*The data:*
* * * * *
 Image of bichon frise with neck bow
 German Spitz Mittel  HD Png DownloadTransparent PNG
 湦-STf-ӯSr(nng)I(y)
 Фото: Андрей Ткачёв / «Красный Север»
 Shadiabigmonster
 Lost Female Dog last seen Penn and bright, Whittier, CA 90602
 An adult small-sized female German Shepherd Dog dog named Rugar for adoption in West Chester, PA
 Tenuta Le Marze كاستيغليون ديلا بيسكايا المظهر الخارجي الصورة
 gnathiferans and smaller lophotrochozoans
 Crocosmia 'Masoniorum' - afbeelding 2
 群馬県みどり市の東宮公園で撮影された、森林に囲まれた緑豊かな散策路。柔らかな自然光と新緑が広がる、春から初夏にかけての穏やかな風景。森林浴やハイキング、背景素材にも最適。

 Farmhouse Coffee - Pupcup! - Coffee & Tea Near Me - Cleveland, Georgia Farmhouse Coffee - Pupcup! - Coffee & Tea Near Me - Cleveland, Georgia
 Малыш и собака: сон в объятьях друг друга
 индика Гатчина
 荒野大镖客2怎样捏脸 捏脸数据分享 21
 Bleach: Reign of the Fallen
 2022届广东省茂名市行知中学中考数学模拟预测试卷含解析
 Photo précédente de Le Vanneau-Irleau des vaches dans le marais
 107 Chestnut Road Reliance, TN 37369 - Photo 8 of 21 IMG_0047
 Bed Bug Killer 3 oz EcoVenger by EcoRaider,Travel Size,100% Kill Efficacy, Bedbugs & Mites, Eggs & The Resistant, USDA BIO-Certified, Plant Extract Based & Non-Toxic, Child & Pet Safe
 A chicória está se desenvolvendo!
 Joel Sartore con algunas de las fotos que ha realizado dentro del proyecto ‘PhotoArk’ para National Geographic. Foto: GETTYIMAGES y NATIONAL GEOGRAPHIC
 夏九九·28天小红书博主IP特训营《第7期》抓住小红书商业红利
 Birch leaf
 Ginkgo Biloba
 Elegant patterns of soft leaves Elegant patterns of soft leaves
* * * * *
*Your task:* All lines in the data that contain the word "German" should be copied.

*Written solution:*
 German Spitz Mittel  HD Png DownloadTransparent PNG
 An adult small-sized female German Shepherd Dog dog named Rugar for adoption in West Chester, PA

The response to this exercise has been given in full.